In this paper, we present a novel method of content-aware inter-scale cost aggregation that adaptively aggregates and upsamples the cost volume from coarse-scale to fine-scale by learning dynamic filter weights according to the content of the left and right views on the two scales. Our method achieves reliable detail recovery when upsampling through the aggregation of information across different scales. In our method, content-aware weights of filter for each site in a fine-scale cost volume are learned to adaptively aggregate information and to amplify remaining details in a coarse-scale cost volume, see Figure 1 for the results achieved by our method.
Our method uses a novel strategy of effective content-aware weight learning that contains the following ideas: (i) We use left and right views, which we call as stereo views for convenience, to learn content-aware filter weights for cost aggregation. In contrast, existing content-aware filters for cost aggregation use only single-view information (i.e. features from the left view) to learn the weights of guided filters [zhang2019ga] or affinity kernels [cheng2019learning]. A cost volume is about 3D information from stereo views, as shown in Figure 2(a). Compared to the guidance based on 2D textural information from a single view, cost aggregation according to the guidance based on 3D information from stereo views can achieve better results. However, it is not straightforward to exploit stereo views for weight learning. A direct concatenation of feature maps from stereo views for weight learning cannot work well, since their unaligned contents will undermine each other’s guidance. We will explain later how we use stereo views. (ii) Each content-aware weight of a filter represents the similarity between two points with specific spatial relationship. Existing methods use a series convolutions with large receptive field on unitary feature input to learn the content-aware weights [jia2016dynamic, jo2018deep, cheng2019learning, wang2019carafe, liu2017learning, zhang2019ga, mazzini2018guided], which we call as implicit spatial relationship encoding, as shown in Figure 2(b).

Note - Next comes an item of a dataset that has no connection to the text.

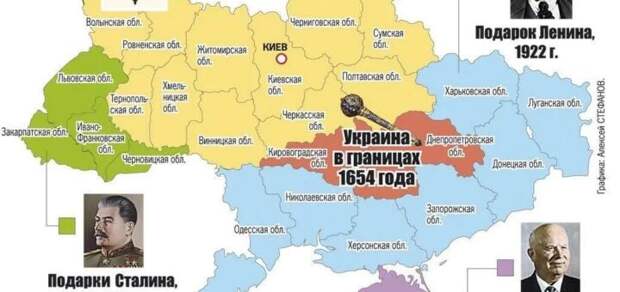 Россия НЕ передавала земли Украине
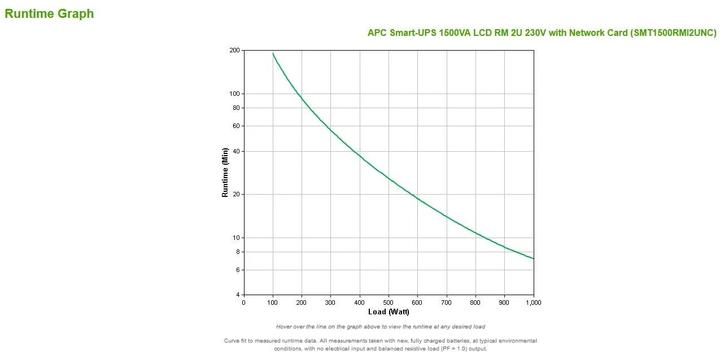 Produktbild APC Smart-UPS (1500 VA, 1000 W, Line-Interaktiv USV)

Differently, we explicitly encode the spatial relationship to learn the content-aware weights, including the shifting of feature maps from two scales and the construction of location map, which we call as explicit spatial relationship encoding. In more detail, the feature maps from two scales are shifted relatively according to each spatial relationship and then concatenated as the input for learning of specific weights. Location maps about the relative position information are also introduced into the input. As each content-aware weight is related to the specific spatial relationship of two pixels, it is better to learn this pairwise relationship from paired feature inputs, rather than only from unitary feature input. What’s more, it becomes possible to use only convolutions to generate the content-aware weights, which is more efficient than previous methods. The effectiveness of our strategy is shown in the ablation study.
Our method also uses a decomposition strategy to efficiently construct the 3D filter weights and aggregate the 3D cost volume. The mechanism avoids content-aware weight learning and aggregation in a full 3D spatial-disparity space that will cause huge computation cost. Instead of directly learning 3D filter weights for the aggregation on 3D cost volume, we only learn 2D similarities from adjacent scales for the left and right views. 3D content-aware weights are constructed on-the-spot from those 2D similarities via warping with corresponding disparity. Both memory and computation can be reduced significantly in such a way. To further reduce the computation cost, we split the inter-scale aggregation in a full 3D spatial-disparity space into the aggregation in 1D disparity space and the aggregation in 2D spatial space. As a result, our method could efficiently construct and use 3D content-aware weights for inter-scale cost aggregation.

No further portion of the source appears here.